- **Your goal**
The listing is to be printed word for word, pictures omitted.

- **Data provided**
-- -- --

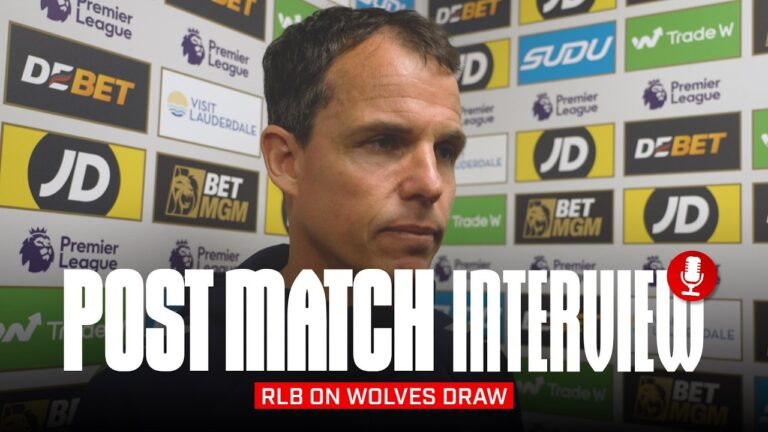 We are disappointed, but we reacted well Régis Le Bris On Wolves Draw Post-Match Interview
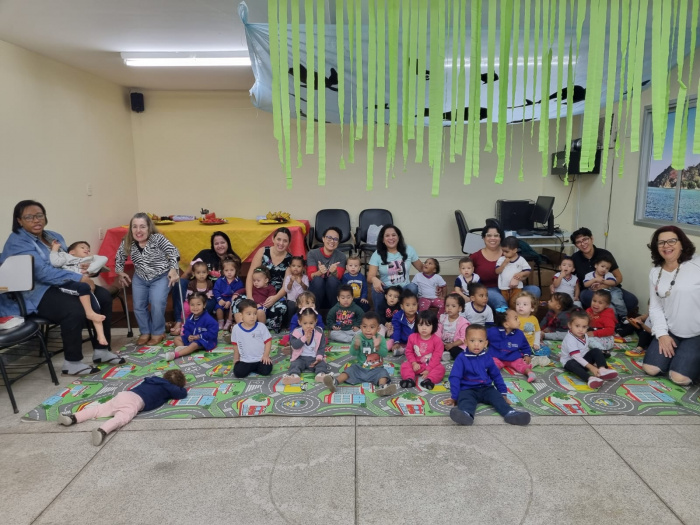 Crianças de Cmei em São Cristóvão se divertem com atividade lúdica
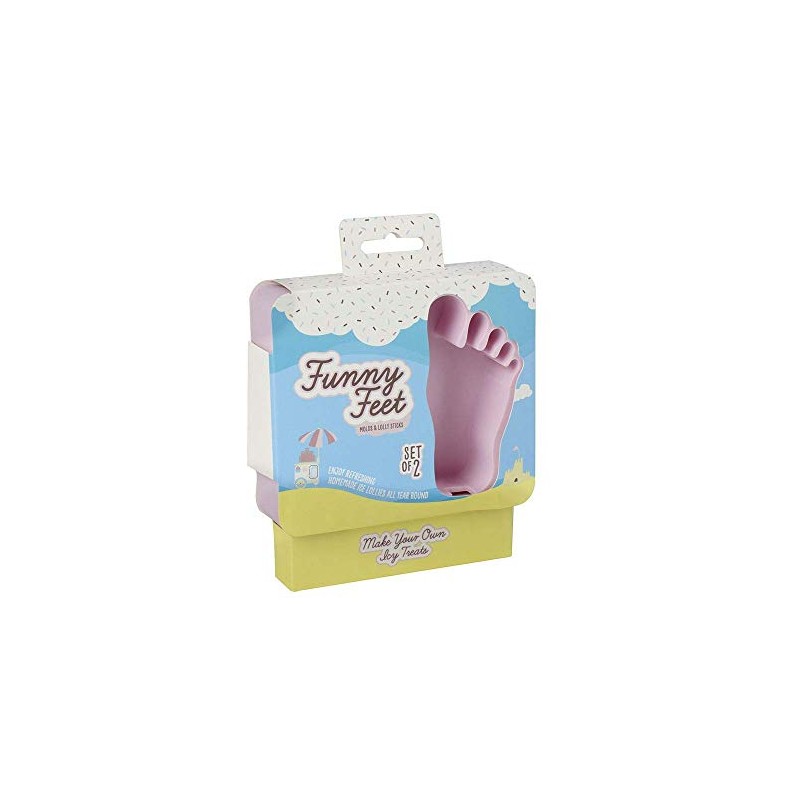 Eddingtons Funny Feet Ice Lolly/Ice Cream Molds Set of 2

-- -- --

- **Finished task**
 We are disappointed, but we reacted well Régis Le Bris On Wolves Draw Post-Match Interview
 Crianças de Cmei em São Cristóvão se divertem com atividade lúdica
 Eddingtons Funny Feet Ice Lolly/Ice Cream Molds Set of 2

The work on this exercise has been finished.